Anybody who can rewrite it is appreciated. ;-)

>dangerous to leave it as-is.  It will confuse more people than it
>helps.
>
>Signed-off-by: Dave Hansen <dave.hansen@xxxxxxxxx>
>---
> Documentation/vm/locking | 130 -----------------------------------------------
> 1 file changed, 130 deletions(-)
> delete mode 100644 Documentation/vm/locking
>
>diff --git a/Documentation/vm/locking b/Documentation/vm/locking
>deleted file mode 100644
>index f61228b..0000000
>--- a/Documentation/vm/locking
>+++ /dev/null
>@@ -1,130 +0,0 @@
>-Started Oct 1999 by Kanoj Sarcar <kanojsarcar@xxxxxxxxx>
>-
>-The intent of this file is to have an uptodate, running commentary 
>-from different people about how locking and synchronization is done 
>-in the Linux vm code.
>-
>-page_table_lock & mmap_sem
>---------------------------------------
>-
>-Page stealers pick processes out of the process pool and scan for 
>-the best process to steal pages from. To guarantee the existence 
>-of the victim mm, a mm_count inc and a mmdrop are done in swap_out().

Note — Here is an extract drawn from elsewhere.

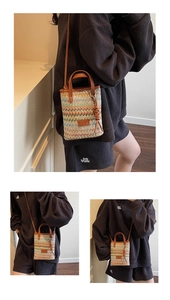 Detail of the multi-colored striped woven mini bag with brown faux leather handles and strap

>-Page stealers hold kernel_lock to protect against a bunch of races.
>-The vma list of the victim mm is also scanned by the stealer, 
>-and the page_table_lock is used to preserve list sanity against the
>-process adding/deleting to the list. This also guarantees existence
>-of the vma. Vma existence is not guaranteed once try_to_swap_out() 

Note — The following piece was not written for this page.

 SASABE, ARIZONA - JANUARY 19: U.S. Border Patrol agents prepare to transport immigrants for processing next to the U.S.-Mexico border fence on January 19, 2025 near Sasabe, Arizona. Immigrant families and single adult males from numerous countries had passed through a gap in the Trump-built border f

>-drops the page_table_lock. To guarantee the existence of the underlying 
>-file structure, a get_file is done before the swapout() method is 
>-invoked. The page passed into swapout() is guaranteed not to be reused
>-for a different purpose because the page reference count due to being
>-present in the user's pte is not released till after swapout() returns.
>-
>-Any code that modifies the vmlist, or the vm_start/vm_end/
>-vm_flags:VM_LOCKED/vm_next of any vma *in the list* must prevent 
>-kswapd from looking at the chain.
>-
>-The rules are:
>-1. To scan the vmlist (look but don't touch) you must hold the
>-   mmap_sem with read bias, i.e. down_read(&mm->mmap_sem)

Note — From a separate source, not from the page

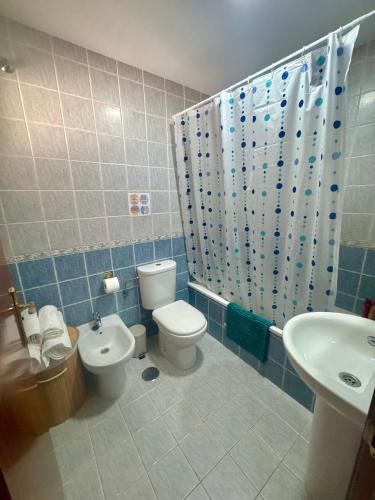 a bathroom with a toilet and a sink at Oasis de Málaga in Chilches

>-2. To modify the vmlist you need to hold the mmap_sem with
>-   read&write bias, i.e. down_write(&mm->mmap_sem)  *AND*
>-   you need to take the page_table_lock.
>-3. The swapper takes _just_ the page_table_lock, this is done
>-   because the mmap_sem can be an extremely long lived lock
>-   and the swapper just cannot sleep on that.
>-4. The exception to this rule is expand_stack, which just
>-   takes the read lock and the page_table_lock, this is ok
>-   because it doesn't really modify fields anybody relies on.
>-5. You must be able to guarantee that while holding page_table_lock
>-   or page_table_lock of mm A, you will not try to get either lock
>-   for mm B.
>-
>-The caveats are:
>-1. find_vma() makes use of, and updates, the mmap_cache pointer hint.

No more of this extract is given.